L'interview

Sur les traces d’Edon Zhegrova

Il est l’un des chouchous du public lillois, apprécié autant pour son état d’esprit que pour son sens de la percussion, du beau geste et du jeu en mouvement. Lui, c’est Edon Zhegrova et son histoire mérite qu’on vous la raconte. Entretien avec l’un des plus grands talents du football kosovar.

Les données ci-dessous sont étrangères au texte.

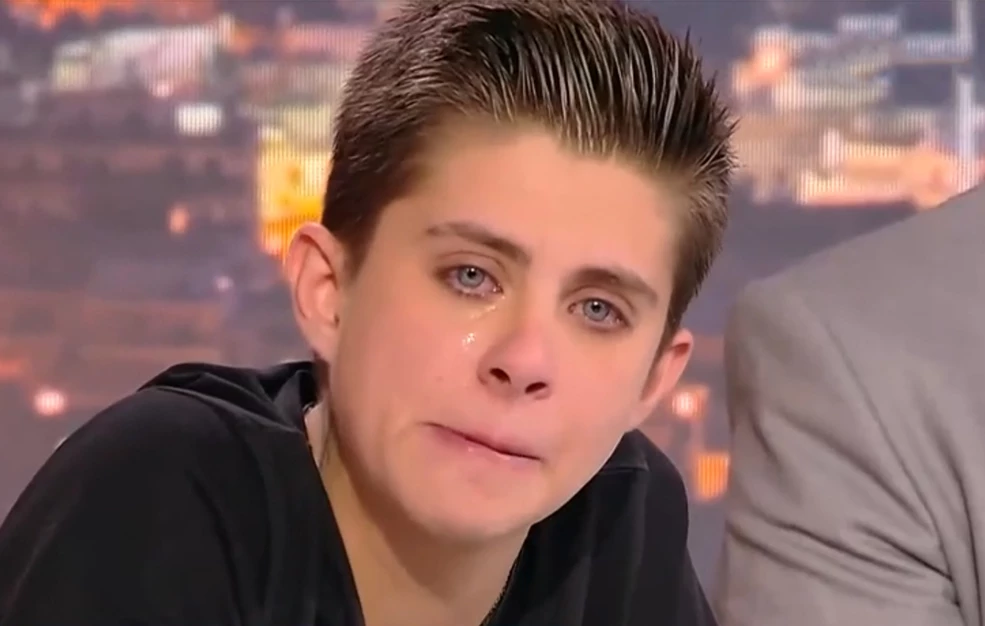 Όταν η Ειρήνη Μουρτζούκου έκλαιγε, καθώς η μητέρα της την κατηγορούσε ότι σκότωσε τα παιδιά της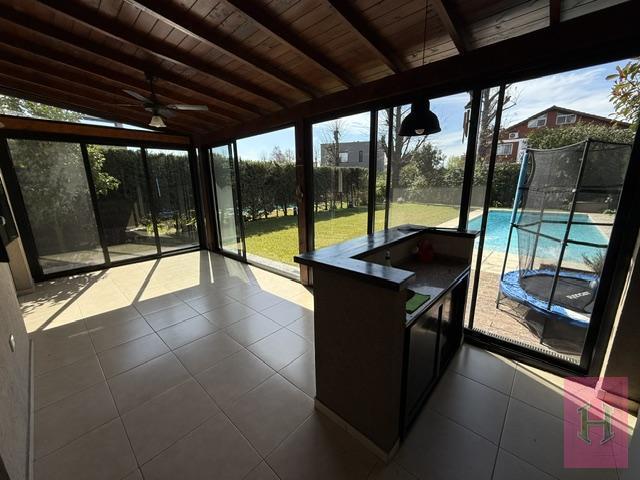 Foto de Casa Alquiler Pilar 4 ambientes jardin piscina, imagen 2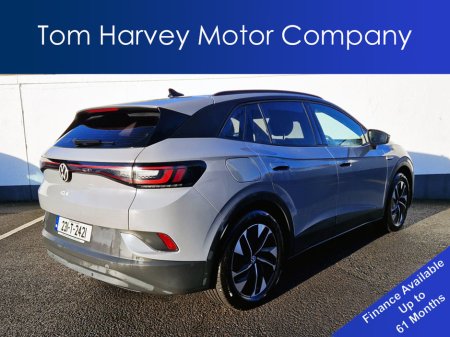 2023 Volkswagen ID.4 LIFE 77KWH 174BHP €26,950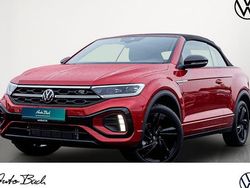 Rot Neu 2025 VW T-Roc R-line SUV | 50.675 €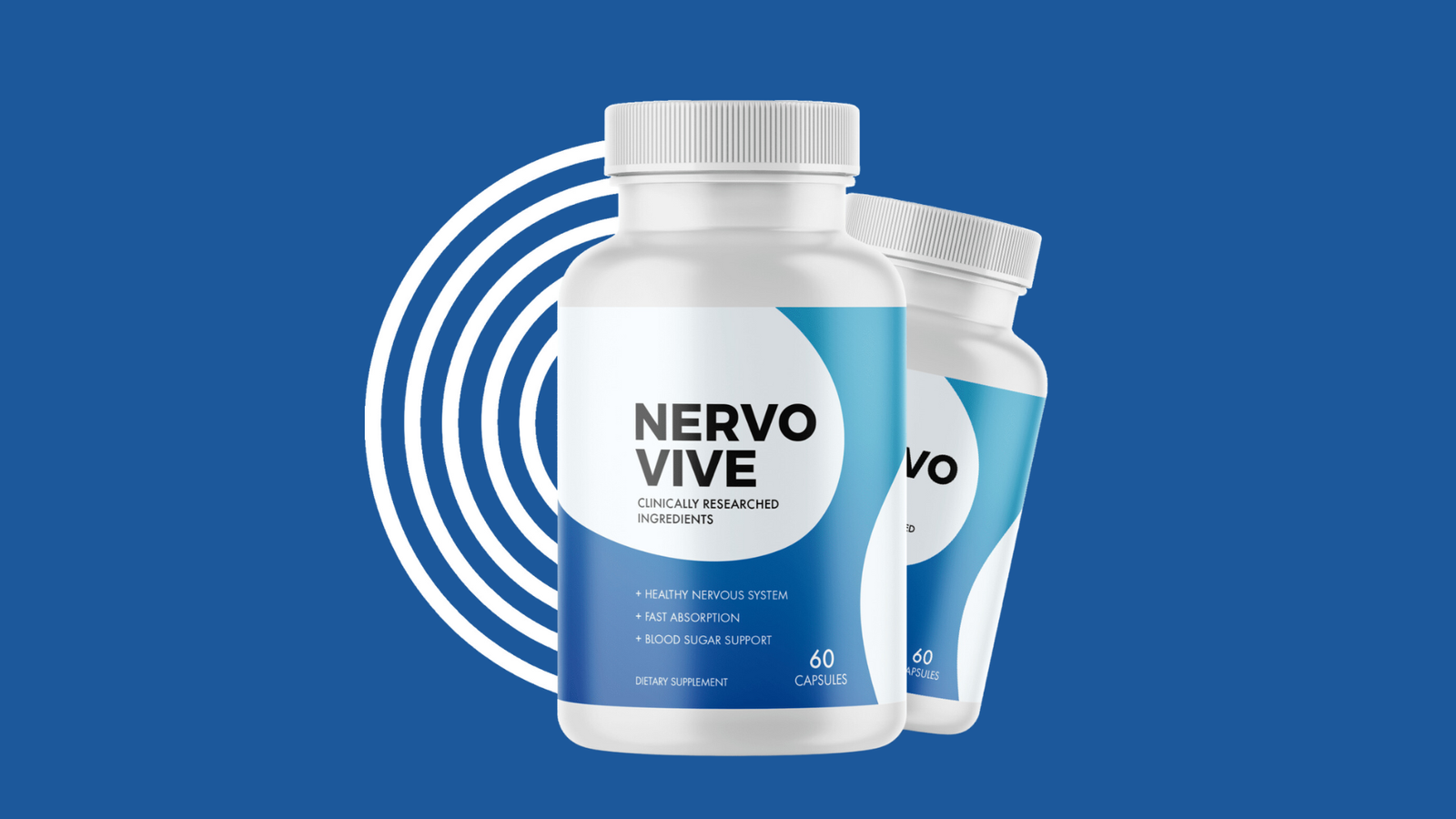 Nervovive Review – Unlock the Power of Calm & Mental Clarity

L’Allemagne comme berceau…

« Mes parents sont originaires du Kosovo mais sont partis vivre en Allemagne avant que la guerre n’éclate dans notre pays (ndlr : mars 1998). Pourquoi en Allemagne ? Car mon grand-père paternel y vivait déjà. C’est donc là-bas que je suis né (en 1999 à Herford, près de Bielefeld, en Rhénanie-du-Nord-Westphalie), mais je n’y ai pas vraiment vécu. À l’âge de deux ans, nous sommes retournés vivre dans notre pays car la guerre au Kosovo était terminée. »

 

… Mais le Kosovo comme nation

« J’ai donc grandi à Priština, la capitale. C’est là que j’ai commencé le football, lorsque j’avais 6 ans. Nous vivions dans une maison avec ma famille. Il y avait mes grands-parents et mes cousins à proximité. Mon école était toute proche, à seulement 10 minutes à pied. J’y allais, j’étudiais, puis je rentrais chez moi et j’allais ensuite tout seul à l’entraînement, car mes parents travaillaient beaucoup. Ils n’avaient pas le temps de me conduire au foot. Mon père est juriste et ma mère cuisinière. »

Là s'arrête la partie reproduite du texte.